Faylasoof, do you agree with my original sentence now?


----------



## Faylasoof

panjabigator said:


> Quote:
> Originally Posted by *LordAeneas*
> panjabigator, did you mean to say thukraanaa (ٹھکرانا) - Reject, like in the following?
> 
> اس نے میرے دل کو ٹھکرا کر پاش پاش کر دیا
> 
> (us nay mayray dil ko thukraa kar paash passh kar diya)
> 
> (S/he broke my heart by refusing to accept it).
> 
> If so, then your sentence convey this meaning, correctly.
> 
> Faylasoof, do you agree with my original sentence now?


 Oh! I just realised that the orginal has ٹھکرانا _Thukraanaa_! So we are not talking about   ٹكڑے كرنا  टुकड़ेकर्ना_TukRe karnaa _!! Sorry, I made a mistake!

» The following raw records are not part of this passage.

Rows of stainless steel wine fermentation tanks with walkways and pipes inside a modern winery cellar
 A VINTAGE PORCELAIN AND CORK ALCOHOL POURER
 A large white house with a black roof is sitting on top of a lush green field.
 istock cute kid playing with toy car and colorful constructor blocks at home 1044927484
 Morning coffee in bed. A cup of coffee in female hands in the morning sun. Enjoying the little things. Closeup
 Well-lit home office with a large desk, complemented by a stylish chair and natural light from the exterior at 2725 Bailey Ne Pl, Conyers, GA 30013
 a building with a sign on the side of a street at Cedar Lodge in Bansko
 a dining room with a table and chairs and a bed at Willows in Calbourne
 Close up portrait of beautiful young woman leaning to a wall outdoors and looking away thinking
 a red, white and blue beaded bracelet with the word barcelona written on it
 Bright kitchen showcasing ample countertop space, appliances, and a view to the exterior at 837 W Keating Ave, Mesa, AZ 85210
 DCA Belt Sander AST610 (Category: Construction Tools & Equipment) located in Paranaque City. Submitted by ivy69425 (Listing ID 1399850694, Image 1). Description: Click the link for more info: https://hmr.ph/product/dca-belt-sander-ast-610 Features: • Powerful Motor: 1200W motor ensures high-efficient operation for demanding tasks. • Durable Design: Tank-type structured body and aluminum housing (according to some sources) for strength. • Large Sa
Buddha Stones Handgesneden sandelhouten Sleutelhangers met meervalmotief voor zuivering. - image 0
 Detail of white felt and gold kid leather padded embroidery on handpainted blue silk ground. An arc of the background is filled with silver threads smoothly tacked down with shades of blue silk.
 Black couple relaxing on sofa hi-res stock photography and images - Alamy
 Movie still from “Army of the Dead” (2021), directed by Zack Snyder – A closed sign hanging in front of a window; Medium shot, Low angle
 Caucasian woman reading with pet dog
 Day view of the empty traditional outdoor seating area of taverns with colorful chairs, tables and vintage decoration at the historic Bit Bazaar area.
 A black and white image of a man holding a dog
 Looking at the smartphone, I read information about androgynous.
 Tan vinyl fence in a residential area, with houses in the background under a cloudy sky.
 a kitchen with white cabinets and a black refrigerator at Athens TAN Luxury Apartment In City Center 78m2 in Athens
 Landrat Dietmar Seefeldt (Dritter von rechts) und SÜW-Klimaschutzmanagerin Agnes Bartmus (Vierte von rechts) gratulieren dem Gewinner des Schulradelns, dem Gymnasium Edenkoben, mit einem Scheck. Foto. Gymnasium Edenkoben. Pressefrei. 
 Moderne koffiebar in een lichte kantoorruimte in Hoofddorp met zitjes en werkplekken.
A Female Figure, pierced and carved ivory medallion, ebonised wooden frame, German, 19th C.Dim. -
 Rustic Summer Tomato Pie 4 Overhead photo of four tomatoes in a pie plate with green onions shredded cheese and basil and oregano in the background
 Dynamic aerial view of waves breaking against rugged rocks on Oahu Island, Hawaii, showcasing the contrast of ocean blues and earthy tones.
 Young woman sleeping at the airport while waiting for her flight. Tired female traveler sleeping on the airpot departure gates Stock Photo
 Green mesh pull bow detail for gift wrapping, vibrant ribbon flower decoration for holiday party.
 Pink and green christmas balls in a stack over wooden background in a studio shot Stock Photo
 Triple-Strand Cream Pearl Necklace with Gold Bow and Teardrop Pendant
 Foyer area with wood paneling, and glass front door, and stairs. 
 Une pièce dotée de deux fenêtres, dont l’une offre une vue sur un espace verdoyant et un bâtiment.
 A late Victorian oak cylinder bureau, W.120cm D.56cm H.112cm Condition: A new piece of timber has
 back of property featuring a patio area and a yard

 Yes! The original makes perfect sense! By rejecting someone you are breaking their heart - _Thukraa_ ke _dil ko paash paash kar denaa_!

BTW, Omlick I wouldn't really go for this:

_usne mere dil ko ṭukṛ*e* kar *ke* pāsh pāsh kar dīyā_

_paash paash karnaa_ means to break into pieces so then you don't  need to say <ṭukṛ*e* kar *ke*>.


----------